How had Aunt Meg let it get like this? This place had obviously been run into the ground over a period of years, long before Uncle Jeffrey died.

Isaac walked up to the house with a sense of trepidation. This was the home that he’d grown up in. He’d been born on the kitchen floor — a story that his mother had always loved to tell whenever they had guests around.

“Did you know,” she used to say, “that my sweet little Isey was born on the very spot you’re now eating your dinner?”

Isaac shivered at the memory. Such happy times. So much had changed since those days.

Eying the front door with distaste, he knocked. Attached to the front door was a gaudy plaque that read: “Welcome — ish. Depends on who you are and how long you stay.” Under that, there was a handwritten note that said: “No junk, no bills, no dicks.”

Well. This was going to be fun…

Isaac waited a while, then knocked again. “Aunt Meg!” he called. “It’s Isaac.”

Eventually, he heard shuffling behind the door and his aunt opened it a crack, still leaving it on the latch.

She peered at Isaac suspiciously. “Can’t you read the sign, son?”

Isaac looked again at the words on the sign and signed. “Very funny, Aunt Meg. But I’m no dick. I’m your nephew. And I’m here for honorable reasons.”

“Honorable, eh?” said Aunt Meg, chuckling. “I’ll be the judge of that.”

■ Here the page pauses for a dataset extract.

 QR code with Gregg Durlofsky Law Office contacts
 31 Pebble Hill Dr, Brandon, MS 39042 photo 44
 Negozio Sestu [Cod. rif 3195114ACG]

She opened up the front door and Isaac tried to swallow away his judgment. She was wearing baggy gray sweatpants with holes at the knees and a stained t-shirt that said “Meh” on it.

Behind her, the hallway was full of piles of unopened mail. The wallpaper was dark and peeling — still the same paper his parents had put up thirty years ago. Now, there were damp patches and bubbles of mold on it. And as much as the whole place stank of damp and microwave French fries, there was still something about the smell that told him he was home.

“Well, don’t just stand there gawping,” said Aunt Meg, leading him through to the kitchen at the back of the house. “Sit down and say whatever it is you want to say.”

Isaac couldn’t help looking down at the spot where he’d been born, positioned directly beside the dining table. He pictured his mother gripping the edge of that table, and his father crouching beneath her, catching his slippery newborn body like he was birthing a calf.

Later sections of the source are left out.